Each week for as long as it takes, I’m going to discuss an important craft element an author should consider on the first page of every story. As always, I hope the posts will help you take a look at your work and find ways to improve it. You can start the series here.
Like I said last week, the first page has a rotten job. Partly, it can get it done by shunting some of its work onto a character. It’s hard to get a reader to love a page. It’s a lot easier to get them to love a character. People are hard-wired to care about other people.
How do you take advantage of that? By focusing your first page on a character that a.) your readers will be likely to care about immediately and b.) your readers will continue to care about throughout your opening chapters.
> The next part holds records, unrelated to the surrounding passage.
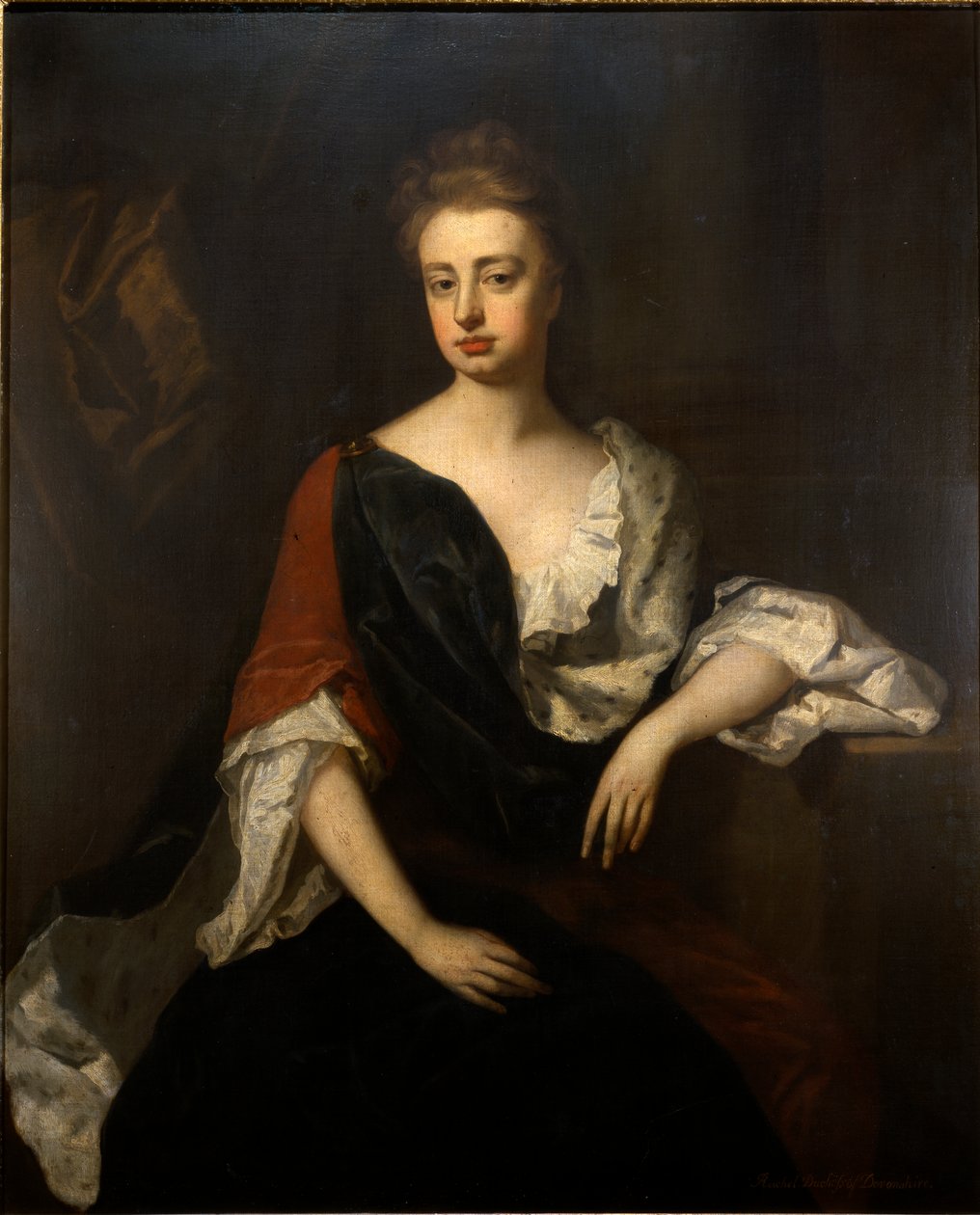 Portrait of Rachel Russell, Duchess of Devonshire, c.1694-1700 (oil on canvas) بواسطة مايكل (Attr. To) Dahl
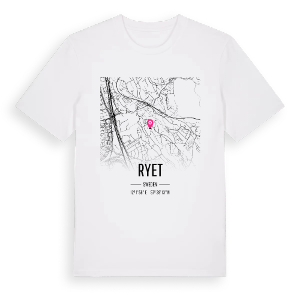 Ryet karta t-shirt – ekologisk bomull t-shirt från Pinshirt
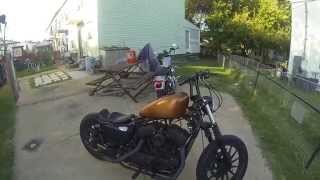 2014 Harley Davidsion CrazyOrangeMC inspired Sportster bobber update [upl. by Yelrebmik464]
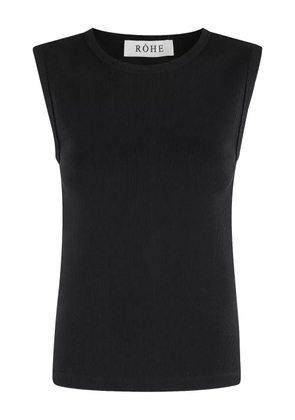 Róhe ribbed sleeveless top - Black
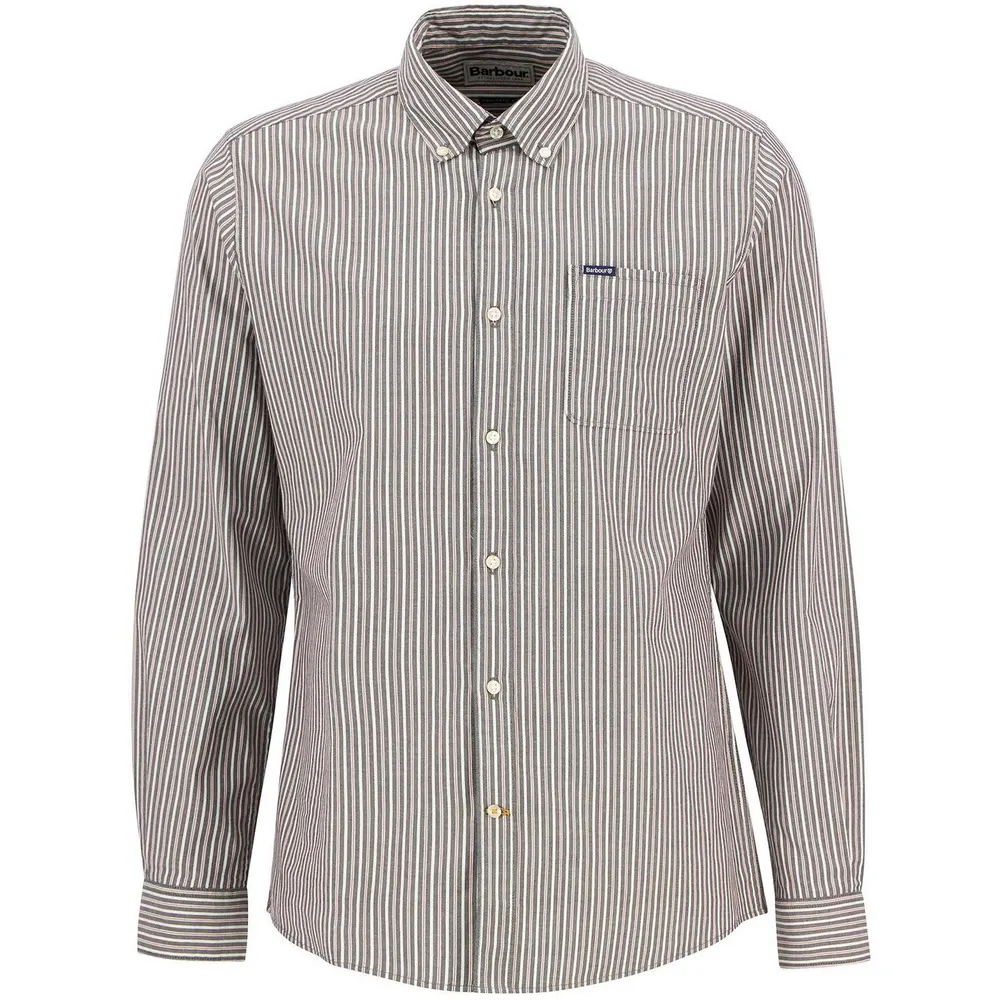 Barbour Mens Longfield Shirt in Whspr Whte WH32 – Clothing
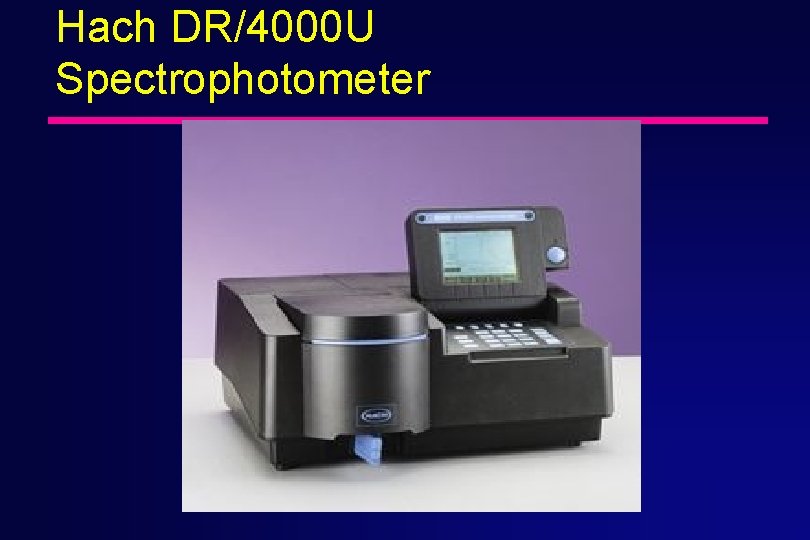 Hach DR/4000 U Spectrophotometer 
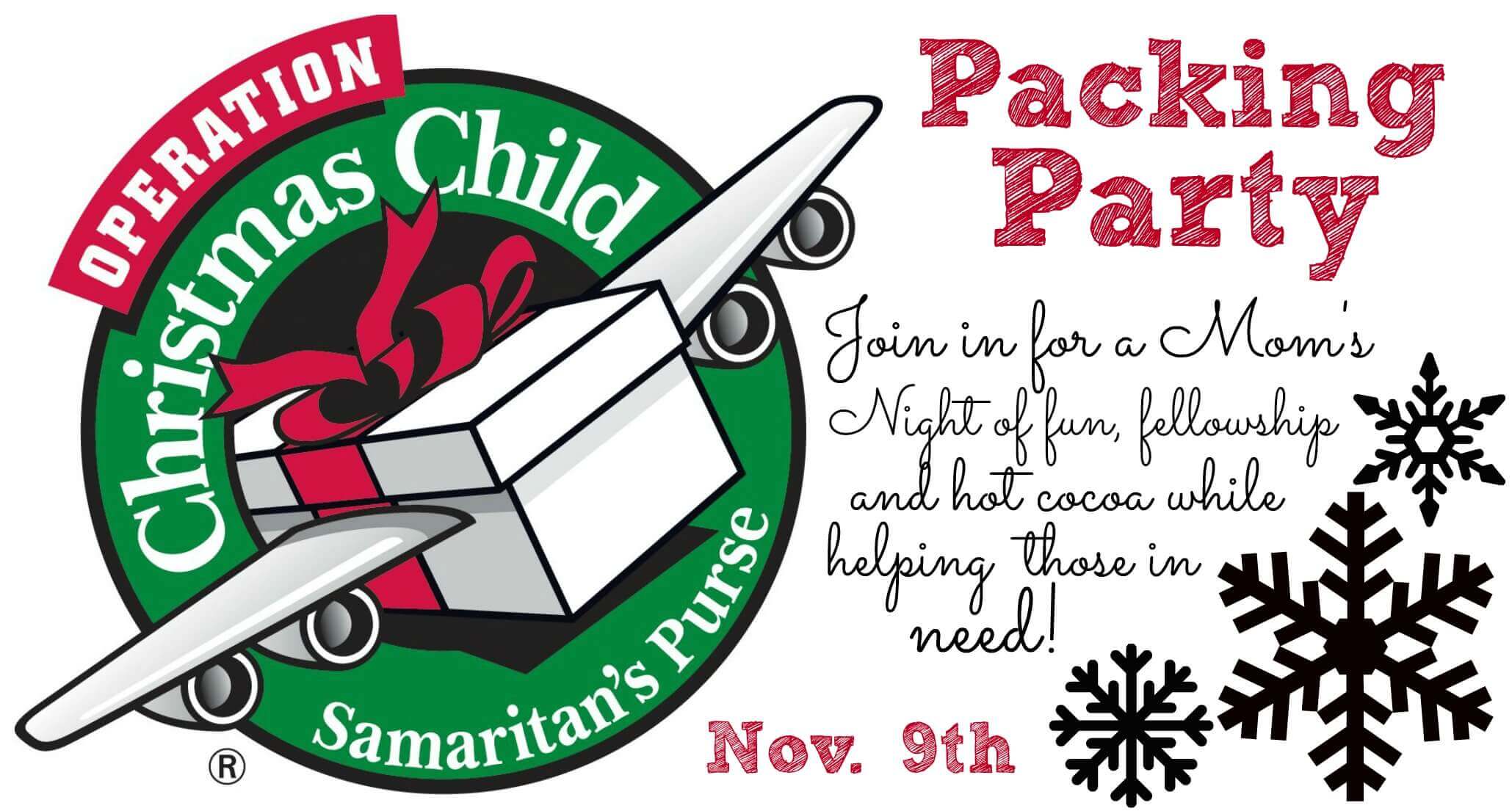 Operation Christmas Child Party 2013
Most authors, even when they’re just starting out, seem to know this intuitively. It’s pretty rare to see a first-page attempt that doesn’t feature a character at all. But I often see authors fail in the execution. They start with a minor character involved in a major plot episode, or they try to emulate TV and movies by starting with a minor or throwaway character who sets the stage for the grand dramatic entrance of the major character on page ten. Or they use the first page of their novel for a prologue that introduces an important plot element that creates a mystery (they’re commonly murders or other crimes, a stranger coming to town, or an Important Thing being broken or going missing). All of these approaches to first pages can work on a limited basis for certain types of stories, but you run some serious risks when you attempt them. To wit:
– Your writing may not be good enough. In order to pull off the “mysterious thing” opening, you need to have a flawless command of pacing and a heck of a mystery or high concept to introduce. You need to know exactly how much information to give the reader to get them hooked and then get the hell out of the way so that you can introduce them to a character as quickly as possible. This is not an easy structure to make work, so if you don’t know exactly what you’re doing with it, you’re probably better off going with a simpler opening.
– Your writing may be too good. If, in your “mysterious thing” opening, you introduce a character that the reader cares about too much, only to kill him or her immediately or never show him or her to the reader again, the reader may be very disappointed, possibly to the point of giving up on the book entirely. Even great books can run into this problem; I put off reading A Game of Thrones for years because of its prologue.
– You may create frustrated expectations. Really, this is another flavor of the “your writing may be too good” problem. Another fantasy mainstay, The Eye of the World, falls afoul of this. If you open with a scene that’s so far removed from your main narrative that the reader won’t understand its relevance until they’re a hundred pages into the book, why are you starting your book there at all? Unless the scene’s relevance is shown quickly, many readers will either forget about the scene or become frustrated by it, and either way you’ll be counting on something else to carry them through the first hundred pages. In most cases, you ought to start with whatever that is.
– Your reader can leave too easily. I apply this warning to any attempt to emulate TV or movies. Writers for broadcast television (less so today than they once could, but it still applies) and writers for movies can get away with things that writers of books can’t. They have tricks that we don’t (like actors and soundtracks—my god the things they get away with because of soundtracks) and their media are stickier. When was the last time you walked out of a movie theater partway through a film? When was the last time you flipped the channel away from a broadcast show without at least waiting for the first commercial break? TV and movie viewers have already bought the content when they start it. Readers haven’t. When was the last time you put a book down before getting to the end of the first page? Probably the last time you went browsing for books—reading the first page is part of how readers determine what to buy.
So, deviation over, why should you start your story with a major sympathetic character? Because so many readers read stories for the characters. If you’ve written a great book, you have a great character somewhere inside it. Don’t be coy with that character—give them to the reader immediately so that the reader can fall in love and decide to read your book.
You’ll get readers who care most about your world and you’ll get readers who care most about your plot, but a significant chunk of your readership is likely to come, and stay, for the characters you write. Give them what they want. The longer you wait to offer your reader a character they can care about for the long haul, the greater the risk you run of that reader bouncing off your story.